Act against runaway marriages: SC

Updated on Mar 27, 2006 04:12 PM IST

The apex court has stayed a controversial decision expressing inability to take action against 'runaway marriages' by teenagers.

HT Image
HT Image
None | ByPress Trust of India, New Delhi

The Supreme Court has stayed a controversial decision of the Delhi High Court expressing inability to take action against 'runaway marriages' by teenagers.

The interim order came on a petition filed by National Commission for Women (NCW) challenging the October 5, 2005 decision of the Delhi High Court and a similar order of the Andhra Pradesh High Court passed last month.

The court has issued notices to the Centre, Delhi government, and Nirmal Chhaya, a remand home for girls, in the matter.

The court also sought the assistance of the Law Commission of India in the matter.

The Delhi High Court had expressed its inability to act against teenage husbands in runaway marriages fighting legal provisions under the Child Marriage Act, the Hindu Marriage Act and the Juvenile Justice Act, which do not make child marriages illegal.

The Delhi High Court had said that it was for the Parliament to take appropriate measures to remove inadequacies in the law.

The High Court had ruled that the marriage of a minor girl above 15 years of age is not illegal if it is of her free will and that she cannot be sent to 'Nari Niketan' against her will in such cases.

"The marriage was neither void nor illegal on account of the spouse being less than 18 and over 15 years of age," the court had said, in connection with three separate cases where minor girls above 15 had eloped and married men of their choice and the girls' parents had lodged cases of kidnapping against their sons-in-law.

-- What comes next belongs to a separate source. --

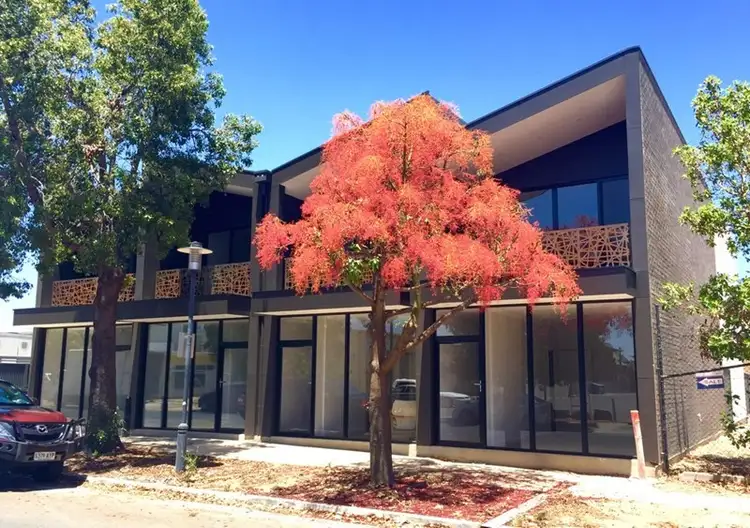 3/42 Orsmond Street, Hindmarsh SA 5007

The court had quashed the FIRs and ordered release of the three husbands, saying that the essential ingredient of the offence of kidnapping - taking away or enticing away of the minor - was missing in these cases.

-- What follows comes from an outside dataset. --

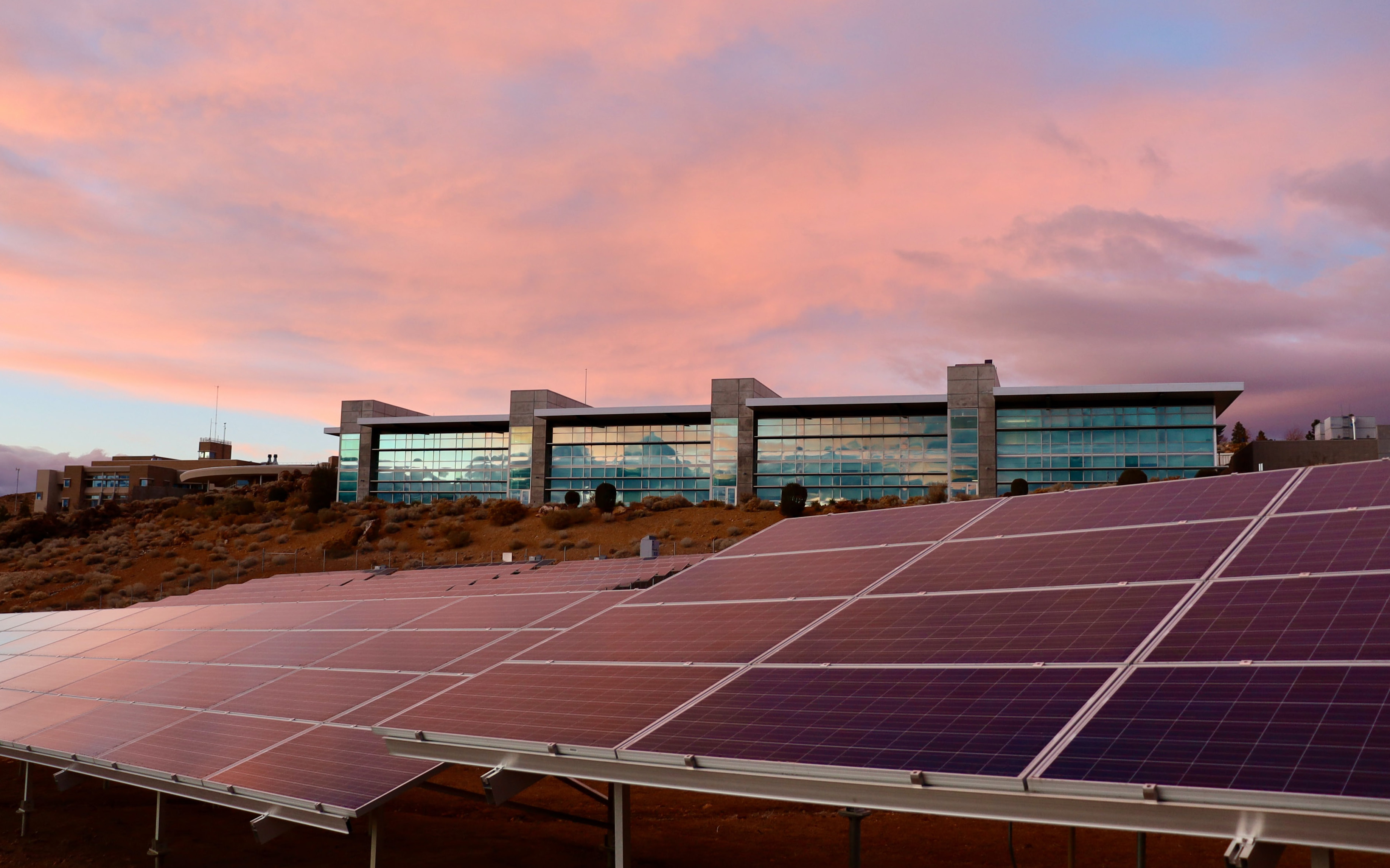 Whitepaper 'IT and Sustainability' | 2022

The court had also ordered the girls to be released from Nari Niketan and allowed them, including a pregnant girl, to accompany their respective husbands.

"The girls, having reached the age of discretion, had accompanied the men of their choice at their own will," the court had said, noting that "evidence suggested that the initiative came from them and they got married of their own accord and were desirous of living with their respective husbands".